__Exercise objective__: All lines from the one containing "Prada Bonnie Large 32cm Brown Suede" down to the one containing "Combo 10 Bút", both ends included, are to be given again exactly; omit the rest of the listing below.
*** Opening of Record set ***
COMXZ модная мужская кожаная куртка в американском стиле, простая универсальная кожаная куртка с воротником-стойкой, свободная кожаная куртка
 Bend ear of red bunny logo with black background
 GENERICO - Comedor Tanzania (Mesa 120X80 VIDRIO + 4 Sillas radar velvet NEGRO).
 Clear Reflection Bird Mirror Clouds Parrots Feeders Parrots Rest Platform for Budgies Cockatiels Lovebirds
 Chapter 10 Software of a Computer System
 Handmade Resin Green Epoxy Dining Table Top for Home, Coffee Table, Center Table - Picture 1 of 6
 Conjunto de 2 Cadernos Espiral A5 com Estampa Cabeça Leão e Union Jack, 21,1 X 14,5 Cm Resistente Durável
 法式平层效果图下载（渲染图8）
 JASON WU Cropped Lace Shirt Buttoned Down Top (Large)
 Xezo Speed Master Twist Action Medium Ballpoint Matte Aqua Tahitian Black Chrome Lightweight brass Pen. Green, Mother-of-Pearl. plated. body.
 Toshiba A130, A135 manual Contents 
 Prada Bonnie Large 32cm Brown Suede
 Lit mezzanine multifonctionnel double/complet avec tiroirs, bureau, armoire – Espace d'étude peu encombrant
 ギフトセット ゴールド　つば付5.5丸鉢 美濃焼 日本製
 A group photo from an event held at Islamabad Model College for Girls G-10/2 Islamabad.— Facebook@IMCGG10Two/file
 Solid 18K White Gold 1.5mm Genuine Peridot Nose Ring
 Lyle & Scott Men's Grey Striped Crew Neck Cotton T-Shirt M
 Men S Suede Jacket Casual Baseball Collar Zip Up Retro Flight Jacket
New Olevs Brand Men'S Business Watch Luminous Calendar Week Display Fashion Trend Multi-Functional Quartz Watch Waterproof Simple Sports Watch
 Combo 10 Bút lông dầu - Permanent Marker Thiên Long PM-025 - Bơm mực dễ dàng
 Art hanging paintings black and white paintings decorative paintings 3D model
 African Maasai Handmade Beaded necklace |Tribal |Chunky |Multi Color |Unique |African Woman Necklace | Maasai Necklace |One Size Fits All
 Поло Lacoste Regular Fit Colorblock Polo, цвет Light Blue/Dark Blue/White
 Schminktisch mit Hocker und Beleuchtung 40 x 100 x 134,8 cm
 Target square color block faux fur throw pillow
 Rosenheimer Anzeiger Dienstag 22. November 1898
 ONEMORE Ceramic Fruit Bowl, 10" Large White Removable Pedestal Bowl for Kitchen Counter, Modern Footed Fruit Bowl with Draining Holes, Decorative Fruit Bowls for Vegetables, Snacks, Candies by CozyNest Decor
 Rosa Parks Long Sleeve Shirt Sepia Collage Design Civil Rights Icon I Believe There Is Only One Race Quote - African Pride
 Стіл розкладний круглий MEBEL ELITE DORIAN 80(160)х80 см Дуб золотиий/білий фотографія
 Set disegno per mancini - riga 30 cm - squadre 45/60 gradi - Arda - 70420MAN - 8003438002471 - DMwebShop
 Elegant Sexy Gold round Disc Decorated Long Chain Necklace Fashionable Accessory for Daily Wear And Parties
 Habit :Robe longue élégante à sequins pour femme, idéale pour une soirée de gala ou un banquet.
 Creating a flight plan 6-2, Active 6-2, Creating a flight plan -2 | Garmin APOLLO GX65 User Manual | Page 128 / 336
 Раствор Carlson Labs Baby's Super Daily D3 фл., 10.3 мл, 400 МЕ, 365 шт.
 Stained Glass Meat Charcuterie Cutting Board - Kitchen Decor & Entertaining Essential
*** Close of Record set ***
__Response area__:
 Prada Bonnie Large 32cm Brown Suede
 Lit mezzanine multifonctionnel double/complet avec tiroirs, bureau, armoire – Espace d'étude peu encombrant
 ギフトセット ゴールド　つば付5.5丸鉢 美濃焼 日本製
 A group photo from an event held at Islamabad Model College for Girls G-10/2 Islamabad.— Facebook@IMCGG10Two/file
 Solid 18K White Gold 1.5mm Genuine Peridot Nose Ring
 Lyle & Scott Men's Grey Striped Crew Neck Cotton T-Shirt M
 Men S Suede Jacket Casual Baseball Collar Zip Up Retro Flight Jacket
New Olevs Brand Men'S Business Watch Luminous Calendar Week Display Fashion Trend Multi-Functional Quartz Watch Waterproof Simple Sports Watch
 Combo 10 Bút lông dầu - Permanent Marker Thiên Long PM-025 - Bơm mực dễ dàng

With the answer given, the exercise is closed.